Required action: Without the pictures, set down everything in the listing exactly.

━━━━━━

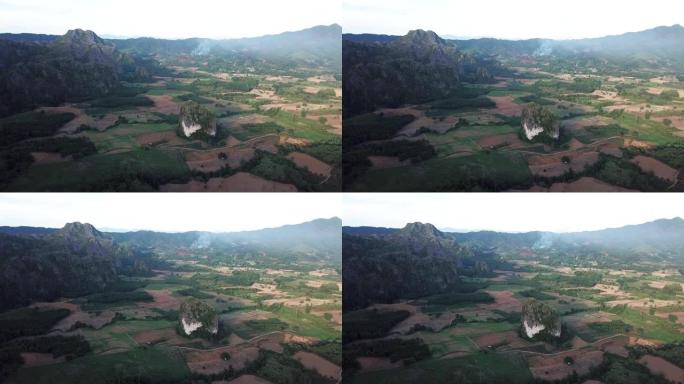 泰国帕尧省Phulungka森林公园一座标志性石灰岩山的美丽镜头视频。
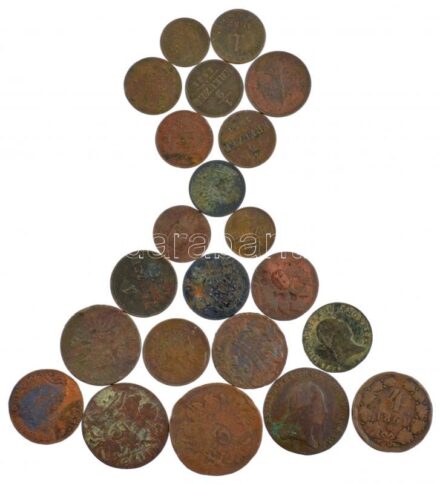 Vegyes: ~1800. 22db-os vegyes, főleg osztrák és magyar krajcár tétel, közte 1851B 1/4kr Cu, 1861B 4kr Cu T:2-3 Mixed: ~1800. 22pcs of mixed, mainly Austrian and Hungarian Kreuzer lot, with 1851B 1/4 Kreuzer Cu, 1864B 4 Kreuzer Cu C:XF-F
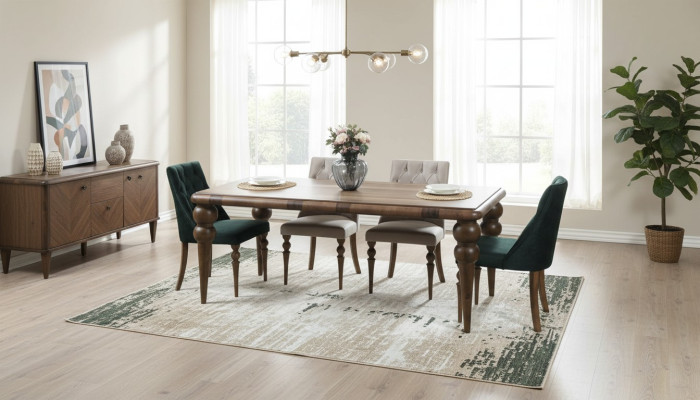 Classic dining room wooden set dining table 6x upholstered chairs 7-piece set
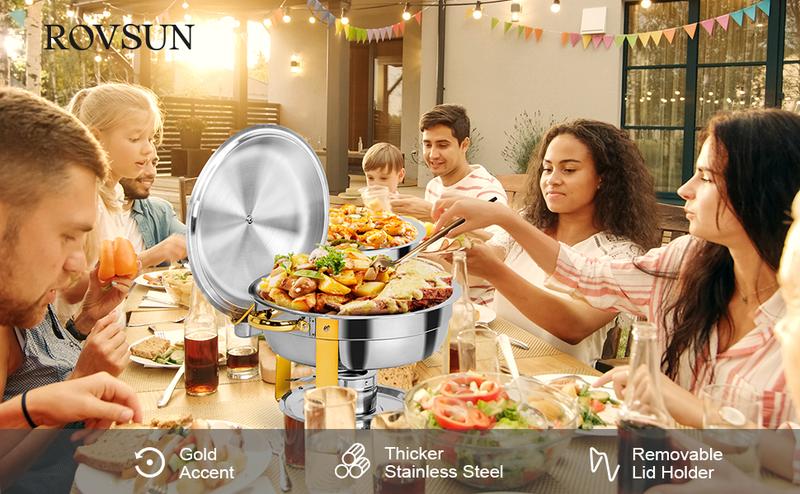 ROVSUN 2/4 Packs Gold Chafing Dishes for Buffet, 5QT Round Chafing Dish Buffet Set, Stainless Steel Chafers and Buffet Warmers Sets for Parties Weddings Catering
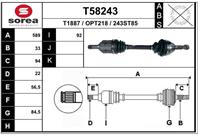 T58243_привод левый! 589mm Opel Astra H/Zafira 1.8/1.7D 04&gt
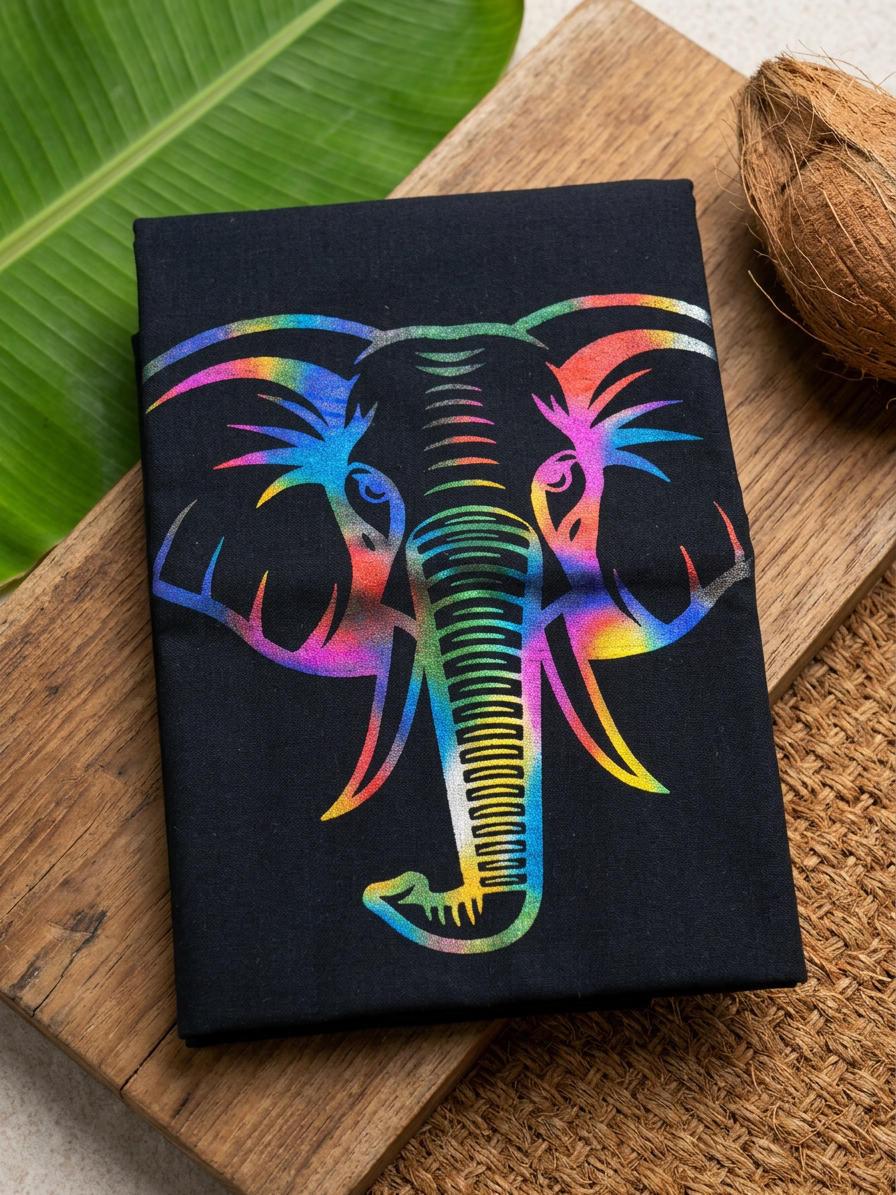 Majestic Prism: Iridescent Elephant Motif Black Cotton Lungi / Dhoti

━━━━━━

Task answer:
 泰国帕尧省Phulungka森林公园一座标志性石灰岩山的美丽镜头视频。
 Vegyes: ~1800. 22db-os vegyes, főleg osztrák és magyar krajcár tétel, közte 1851B 1/4kr Cu, 1861B 4kr Cu T:2-3 Mixed: ~1800. 22pcs of mixed, mainly Austrian and Hungarian Kreuzer lot, with 1851B 1/4 Kreuzer Cu, 1864B 4 Kreuzer Cu C:XF-F
 Classic dining room wooden set dining table 6x upholstered chairs 7-piece set
 ROVSUN 2/4 Packs Gold Chafing Dishes for Buffet, 5QT Round Chafing Dish Buffet Set, Stainless Steel Chafers and Buffet Warmers Sets for Parties Weddings Catering
 T58243_привод левый! 589mm Opel Astra H/Zafira 1.8/1.7D 04&gt
 Majestic Prism: Iridescent Elephant Motif Black Cotton Lungi / Dhoti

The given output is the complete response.